* **EXERCISE DESCRIPTION**: The data below should be retyped exactly, with the pictures left out.

* **Saved entries**:
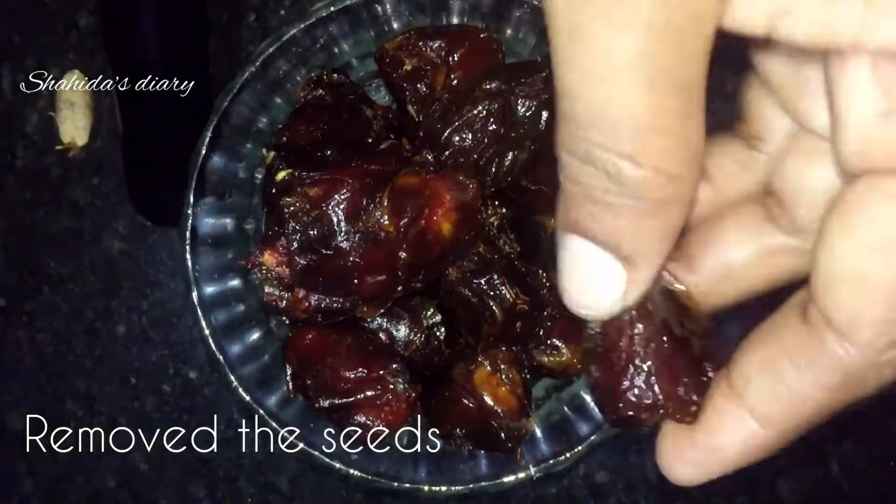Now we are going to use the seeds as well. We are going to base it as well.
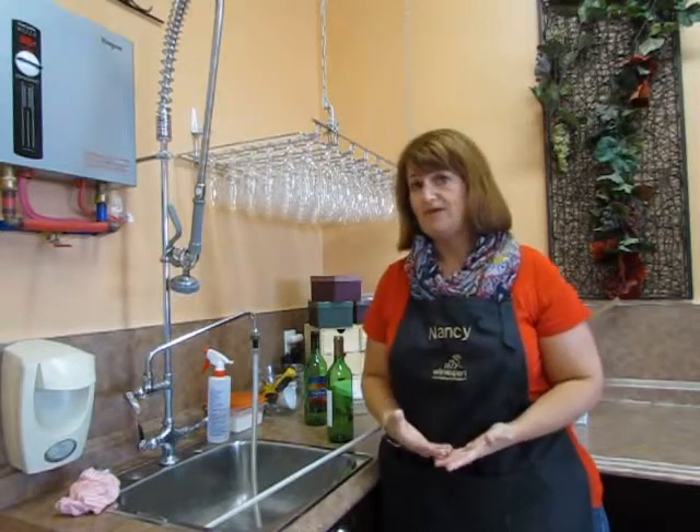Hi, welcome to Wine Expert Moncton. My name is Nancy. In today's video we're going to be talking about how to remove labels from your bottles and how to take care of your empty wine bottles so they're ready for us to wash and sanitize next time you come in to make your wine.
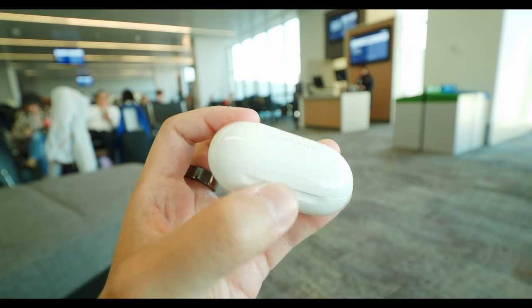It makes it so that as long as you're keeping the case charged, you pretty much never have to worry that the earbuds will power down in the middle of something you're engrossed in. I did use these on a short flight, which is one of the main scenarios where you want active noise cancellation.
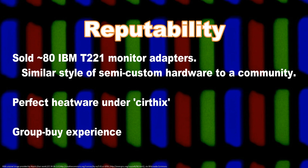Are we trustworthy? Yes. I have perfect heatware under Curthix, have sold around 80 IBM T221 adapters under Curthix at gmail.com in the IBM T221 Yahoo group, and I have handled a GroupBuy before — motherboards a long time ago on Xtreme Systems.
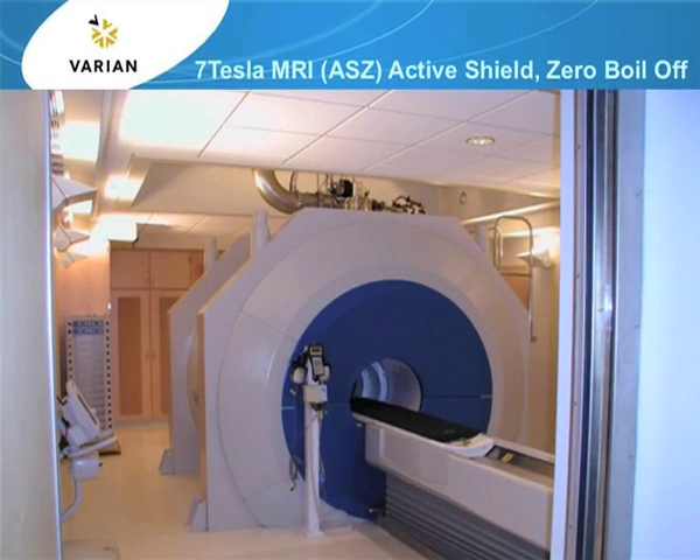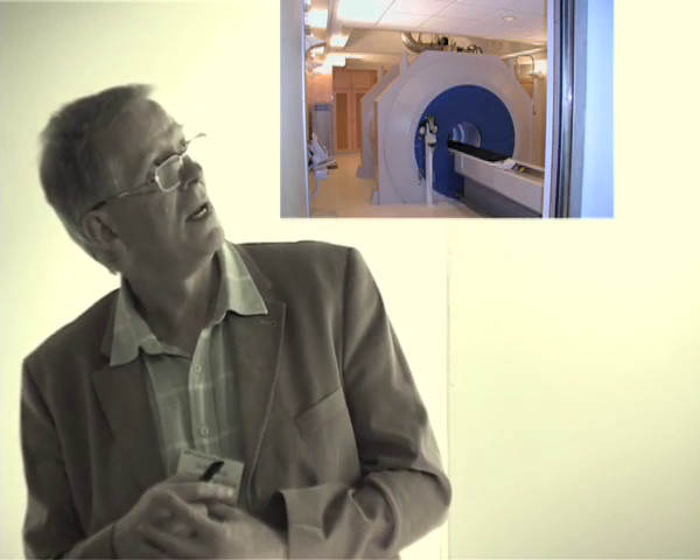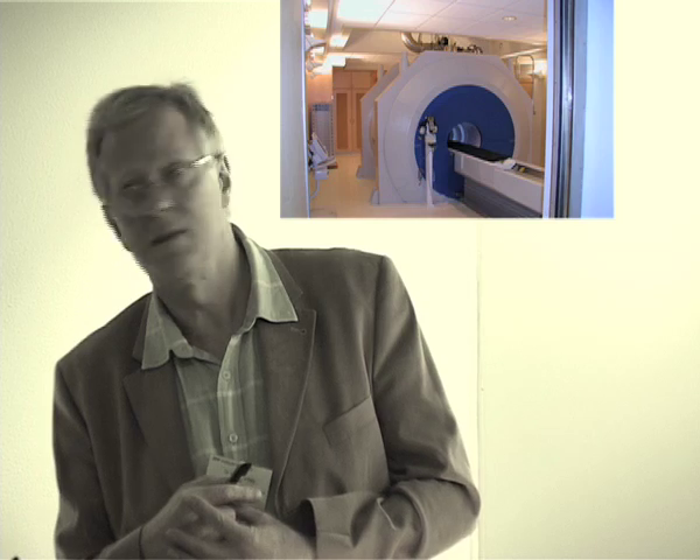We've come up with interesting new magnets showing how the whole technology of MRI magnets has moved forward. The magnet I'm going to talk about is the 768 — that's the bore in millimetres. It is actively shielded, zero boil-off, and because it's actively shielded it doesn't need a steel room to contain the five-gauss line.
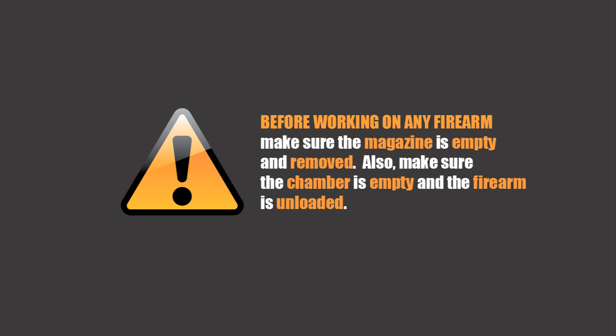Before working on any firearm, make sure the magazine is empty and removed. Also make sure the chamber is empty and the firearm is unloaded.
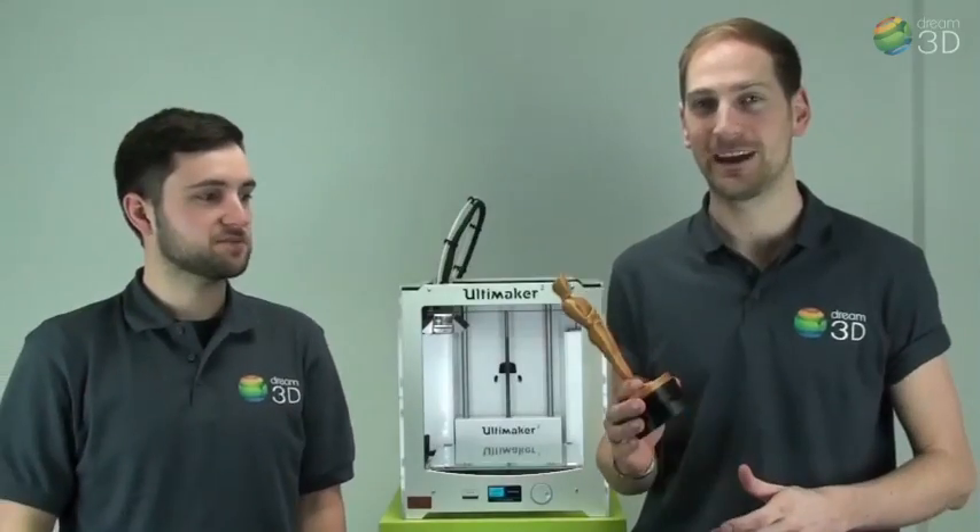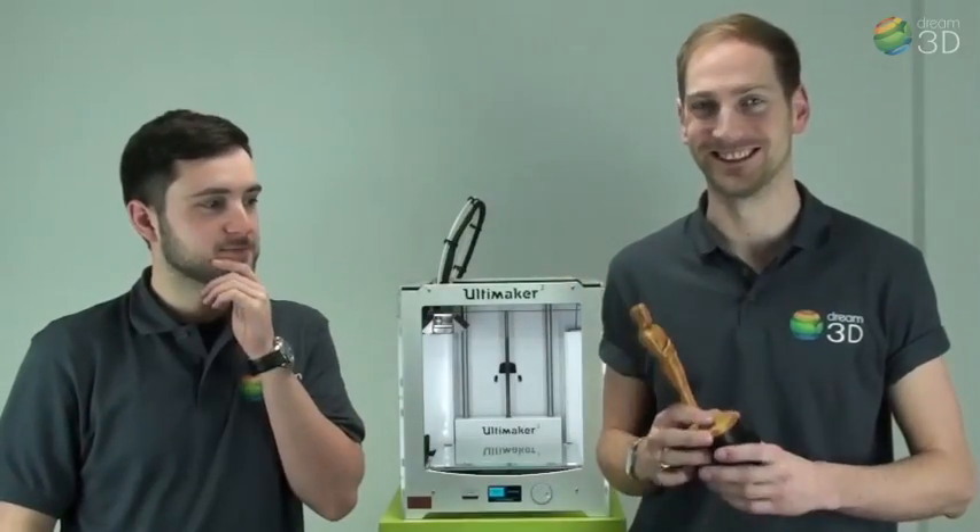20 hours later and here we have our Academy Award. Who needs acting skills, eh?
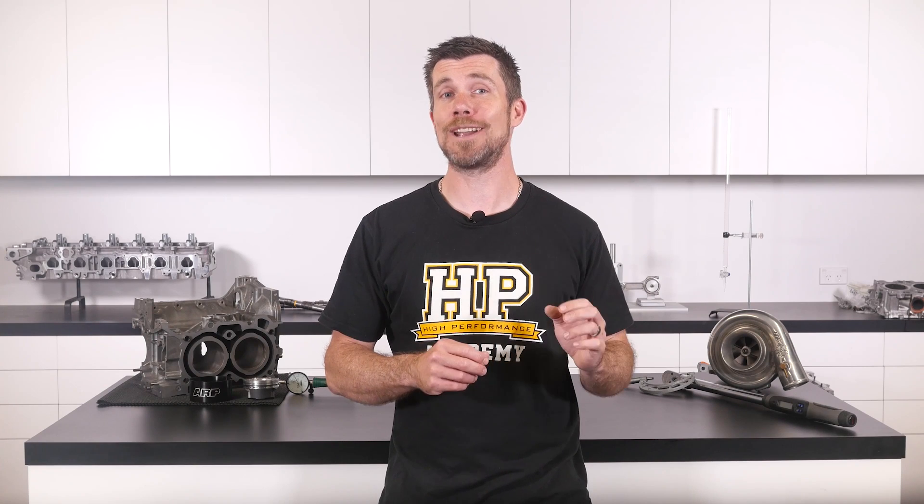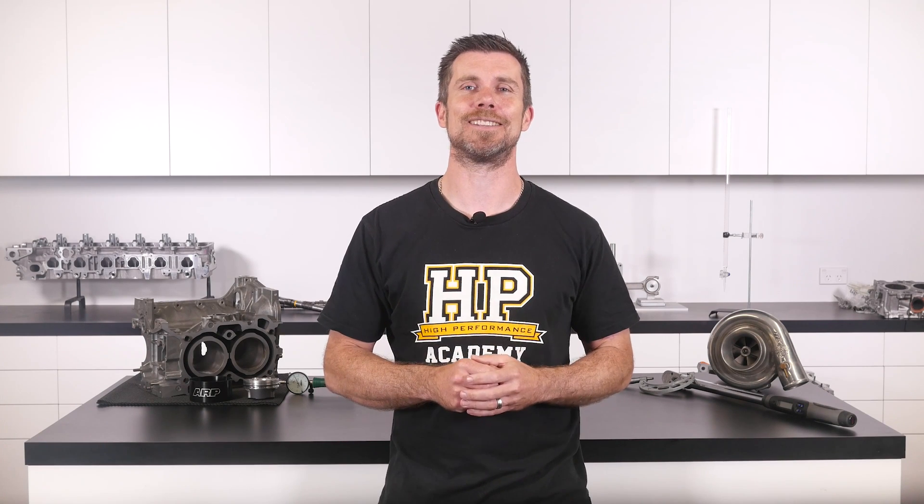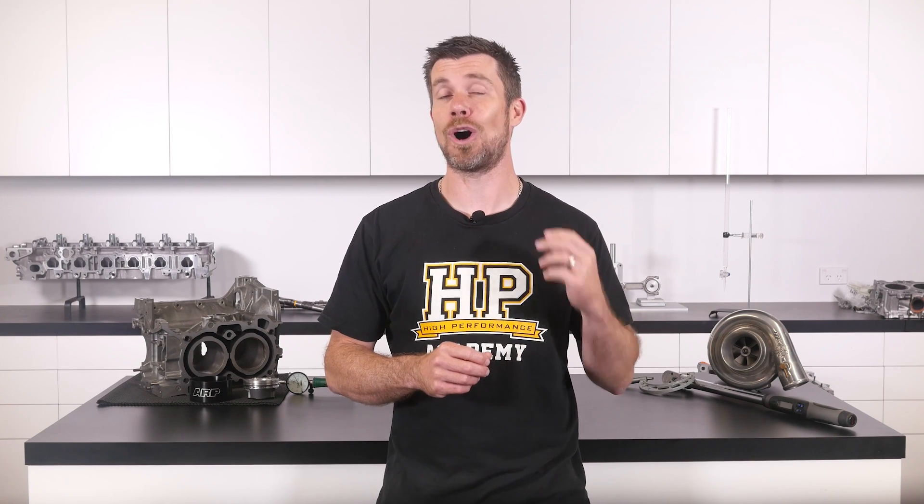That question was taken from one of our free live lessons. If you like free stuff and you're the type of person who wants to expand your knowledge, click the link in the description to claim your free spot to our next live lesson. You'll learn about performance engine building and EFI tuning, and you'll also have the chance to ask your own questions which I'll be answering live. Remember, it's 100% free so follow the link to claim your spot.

* **SOLUTION BELOW**:
Now we are going to use the seeds as well. We are going to base it as well.
Hi, welcome to Wine Expert Moncton. My name is Nancy. In today's video we're going to be talking about how to remove labels from your bottles and how to take care of your empty wine bottles so they're ready for us to wash and sanitize next time you come in to make your wine.
It makes it so that as long as you're keeping the case charged, you pretty much never have to worry that the earbuds will power down in the middle of something you're engrossed in. I did use these on a short flight, which is one of the main scenarios where you want active noise cancellation.
Are we trustworthy? Yes. I have perfect heatware under Curthix, have sold around 80 IBM T221 adapters under Curthix at gmail.com in the IBM T221 Yahoo group, and I have handled a GroupBuy before — motherboards a long time ago on Xtreme Systems.
We've come up with interesting new magnets showing how the whole technology of MRI magnets has moved forward. The magnet I'm going to talk about is the 768 — that's the bore in millimetres. It is actively shielded, zero boil-off, and because it's actively shielded it doesn't need a steel room to contain the five-gauss line.
Before working on any firearm, make sure the magazine is empty and removed. Also make sure the chamber is empty and the firearm is unloaded.
20 hours later and here we have our Academy Award. Who needs acting skills, eh?
That question was taken from one of our free live lessons. If you like free stuff and you're the type of person who wants to expand your knowledge, click the link in the description to claim your free spot to our next live lesson. You'll learn about performance engine building and EFI tuning, and you'll also have the chance to ask your own questions which I'll be answering live. Remember, it's 100% free so follow the link to claim your spot.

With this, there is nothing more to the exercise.